Mitochondria are essential organelles that regulate energy homeostasis, cell signaling, and cell death [1][2][3]. During threatened cell death or nutrient starvation, mitochondria can be degraded and recycled through mitophagy. Mitophagy is a specific form of autophagy, a process where cell contents are degraded and recycled. In a broad sense, mitophagy involves tagging mitochondria for removal, engulfment of the organelle by an autophagosome, and degradation in a lysosome. There are several pathways which control, initiate, and facilitate mitophagy. The many facets of mitochondrial function contribute to mitophagy pathways.

Mitochondria coordinate and balance energy production through beta oxidation, the citric acid cycle (TCA cycle), and oxidative phosphorylation at the electron transport chain (ETC). Beta oxidation is a catabolic pathway where free fatty acids are converted to acetyl coA, which enter the TCA cycle and ultimately oxidative phosphorylation. In the TCA cycle, either pyruvate (from glycolysis) or acetyl coA are oxidized to generate the high energy electron carriers, NADH and FADH2. NADH and FADH2 enter the ETC at complex I and complex II, respectively. These high energy electron carriers undergo oxidation/reduction reactions in the ETC in order to pump protons into the matrix. These protons ultimately power ATP synthase (or Complex V) for the generation of ATP from ADP. These bioenergetic reactions maintain the mitochondrial electrochemical gradient, or mitochondrial membrane potential. Mitochondrial membrane potential is the main signal which either inhibits or initiates mitophagy.

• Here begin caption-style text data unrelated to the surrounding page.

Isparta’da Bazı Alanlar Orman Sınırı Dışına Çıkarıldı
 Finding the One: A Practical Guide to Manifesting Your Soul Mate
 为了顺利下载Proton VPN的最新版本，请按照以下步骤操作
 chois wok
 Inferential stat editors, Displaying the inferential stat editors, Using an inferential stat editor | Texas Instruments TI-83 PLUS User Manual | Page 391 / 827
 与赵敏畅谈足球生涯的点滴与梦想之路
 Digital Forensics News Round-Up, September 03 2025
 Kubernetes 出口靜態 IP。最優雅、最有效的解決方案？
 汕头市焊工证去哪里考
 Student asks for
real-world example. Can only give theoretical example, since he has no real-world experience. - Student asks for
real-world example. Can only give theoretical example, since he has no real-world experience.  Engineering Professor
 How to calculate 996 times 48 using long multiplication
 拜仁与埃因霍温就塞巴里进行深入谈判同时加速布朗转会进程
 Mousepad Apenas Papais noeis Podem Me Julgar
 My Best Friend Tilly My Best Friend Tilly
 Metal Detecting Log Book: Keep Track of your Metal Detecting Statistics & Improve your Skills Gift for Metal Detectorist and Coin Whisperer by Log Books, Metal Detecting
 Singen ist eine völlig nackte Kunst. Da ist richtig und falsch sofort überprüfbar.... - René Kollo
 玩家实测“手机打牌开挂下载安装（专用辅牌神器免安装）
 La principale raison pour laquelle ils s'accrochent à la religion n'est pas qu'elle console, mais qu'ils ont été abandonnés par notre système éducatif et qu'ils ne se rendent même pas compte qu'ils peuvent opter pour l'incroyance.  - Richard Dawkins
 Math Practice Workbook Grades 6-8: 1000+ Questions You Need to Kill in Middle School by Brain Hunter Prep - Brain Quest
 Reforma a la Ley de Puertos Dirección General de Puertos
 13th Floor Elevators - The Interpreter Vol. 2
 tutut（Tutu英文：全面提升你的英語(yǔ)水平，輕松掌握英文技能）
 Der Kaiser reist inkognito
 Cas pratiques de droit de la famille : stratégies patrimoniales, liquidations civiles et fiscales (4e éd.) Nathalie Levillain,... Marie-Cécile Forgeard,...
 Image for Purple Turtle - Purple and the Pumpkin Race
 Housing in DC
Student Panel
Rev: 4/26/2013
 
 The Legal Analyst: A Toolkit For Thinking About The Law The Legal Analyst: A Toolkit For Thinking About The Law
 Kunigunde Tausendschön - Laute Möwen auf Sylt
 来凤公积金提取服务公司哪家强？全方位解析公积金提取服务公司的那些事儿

Mitochondria are double membrane organelles. The outer mitochondrial membrane is imperative for mitophagy function [4][5][6][7]. Transport and signaling proteins localize to the outer mitochondrial membrane to facilitate protein and metabolite import. As discussed in more detail below, aggregation-prone proteins are known to block these import channels on the outer mitochondrial membrane in some neurodegenerative diseases. This could lead to the disruption of mitophagy processes and requires more research efforts to understand. The inner membrane space of mitochondria houses enzymes and allows for proton storage and protein folding. The mitochondrial inner membrane contains the ETC and ATP synthase enzymes and the mitochondrial matrix stores enzymes for the TCA cycle, mitochondrial DNA (mtDNA), and other crucial enzymes for protein folding and maintenance of pH gradients. For more detailed analysis of mitochondrial localized proteins MitoCarta3.0 was recently published [8].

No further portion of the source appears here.